Mason adds that the risk of paralysis by analysis is always there with entrepreneurialism.

“Too many people think about setting up a business and doing it all perfectly. I think that’s the wrong mindset. You have to get into a market and see what’s going on just by starting. That’s it, really: cut to the chase and start doing.

“With Mubaloo, when we got into apps we first created a fuel prices comparison app and tried to sell it at £4.99 a go. But we soon found that there were too many variables we couldn’t control: it becomes a race to the bottom. With apps, it was clear, and to continue that treasure-hunt analogy, we were better off selling the spades rather than finding the gold!”

Systems add value

Mason also created value at Mubaloo by applying his professional experience with the agency model and the right kind of management scrutiny.

“At Mubaloo we put management controls in place early – and held regular board meetings to keep up with business rigour. All the forecasting was measured and based on real data, not just a gut feeling for the market and where it might be headed.

“And we grew up fast partly by operating with a full agency structure: from early on we had account managers, user experience specialists and designers.

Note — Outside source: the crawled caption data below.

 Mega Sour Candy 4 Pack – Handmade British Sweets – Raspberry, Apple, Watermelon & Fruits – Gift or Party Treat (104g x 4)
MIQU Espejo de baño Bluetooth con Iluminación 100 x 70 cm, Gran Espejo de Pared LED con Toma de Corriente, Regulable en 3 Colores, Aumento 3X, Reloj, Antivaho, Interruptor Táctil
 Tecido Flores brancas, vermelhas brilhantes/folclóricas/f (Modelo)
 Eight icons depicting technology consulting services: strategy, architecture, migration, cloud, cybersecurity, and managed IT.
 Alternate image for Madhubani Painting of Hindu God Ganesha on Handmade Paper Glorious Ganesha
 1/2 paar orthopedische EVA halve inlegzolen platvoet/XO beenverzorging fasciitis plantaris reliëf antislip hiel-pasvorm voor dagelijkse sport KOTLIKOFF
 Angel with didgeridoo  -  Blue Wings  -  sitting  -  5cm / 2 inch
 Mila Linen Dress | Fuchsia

For the customer, it meant they were never just meeting a developer.”

Competition counts

Perhaps the final and crucial element, when it comes to a successful exit, is running the sale process in the right way and allowing for all the work involved.

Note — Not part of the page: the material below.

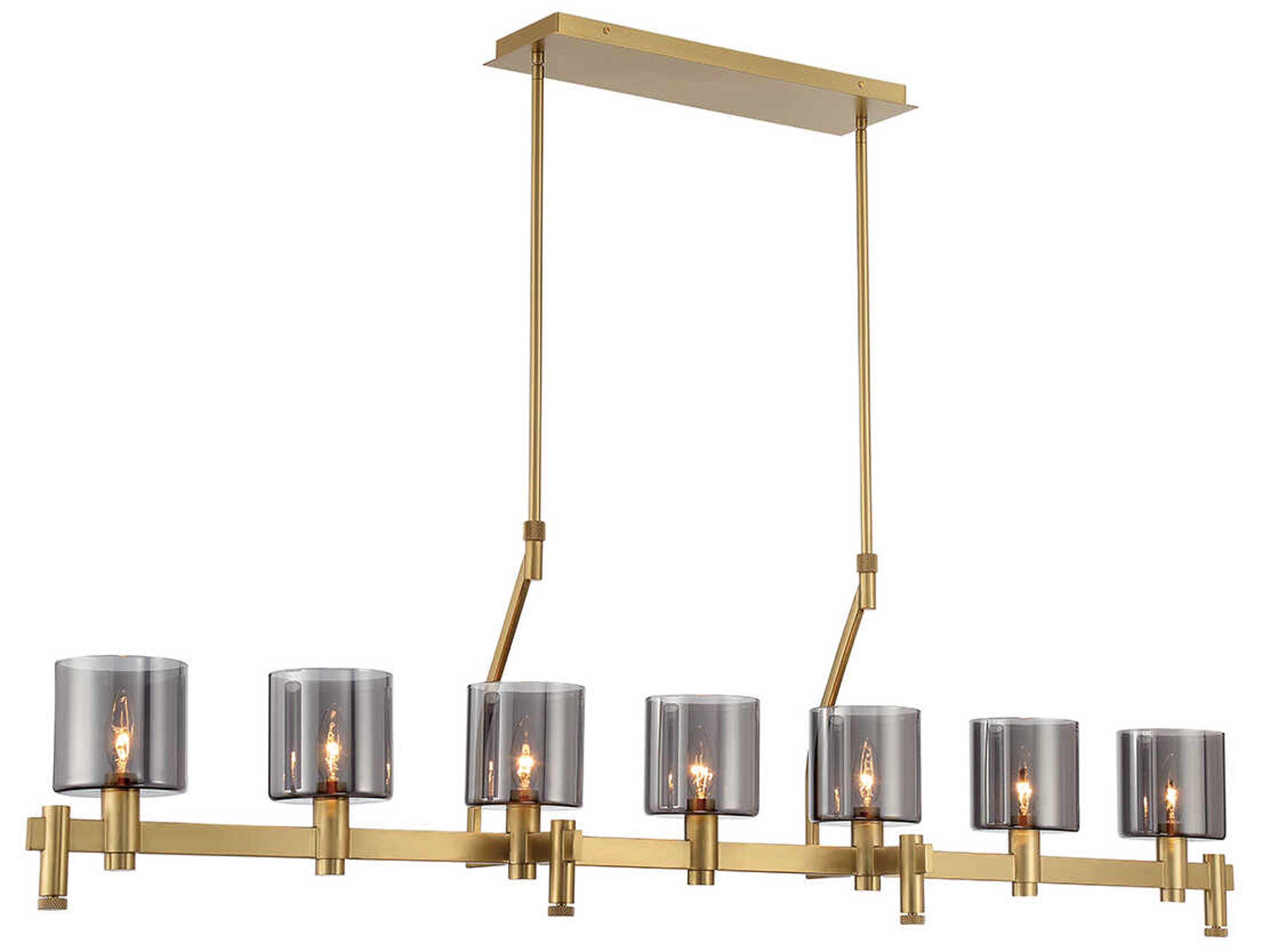 Eurofase Decato 7-Light Brushed Gold Glass Cylinder Linear Island Pendant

Mason says he knew the value in his grown-up agency and was prepared in financial terms and management terms for the sale, but you also need the emotional energy and commitment to see things through.

“I was confident in my corporate finance advisers, who I used on the Mason Zimbler exit, and had set aside the resources to enable myself and the finance director to put in what was needed. But it still takes time – 18 months from start to finish, in this case.”

You have to get into a market and see what’s going on just by starting. That’s it, really: cut to the chase and start doing. 

Mason ran a formal sales process for Mubaloo, with seven interested parties initially, which led to five presentations, three offers – and eventually to IPG Mediabrands.

“These were all trade buyers in the mix – no private equity. So agency groups and large consultancies. But there was a clear chemistry with IPG from early on and that continued right through the process. We had one hiccup with a senior guy there who didn’t necessarily like the direction in which the purchase would take the group, but the transition was ultimately very smooth. I can’t speak highly enough of IPG.”

When it comes to negotiating on the sale price, Mason says it’s important to leave it to your advisers to manage that process. It’s their job to inject just the right element of competition and to be dry-eyed and direct throughout. No figure has been made public for the deal, but up to £20m has been speculated on, based on Mubaloo’s £5m turnover ahead of the deal and some of the valuations being achieved elsewhere.

“IPG were keen to buy us, it felt right, the value was easy to agree on – so it was an amicable process, which is what you want,” says Mason. “It needs to feel like a genuine win-win, and that’s how it played out.”

After the deal was done, Mason started out providing two days a week of consultancy, which soon shrank to just one. Today, eight months down the line, he’s still on the board with an advisory role but no longer actively involved from week to week.

“As exits go, it’s been nice and clean. I’m delighted. And it means I’m free to focus on new challenges from here – principally my chairmanship of ForrestBrown, another Bristol business which advises businesses on winning tax relief for research and development. I am also investing in businesses in the south-west through a founding role in Bristol Private Equity Club. That’s an exciting venture in itself.”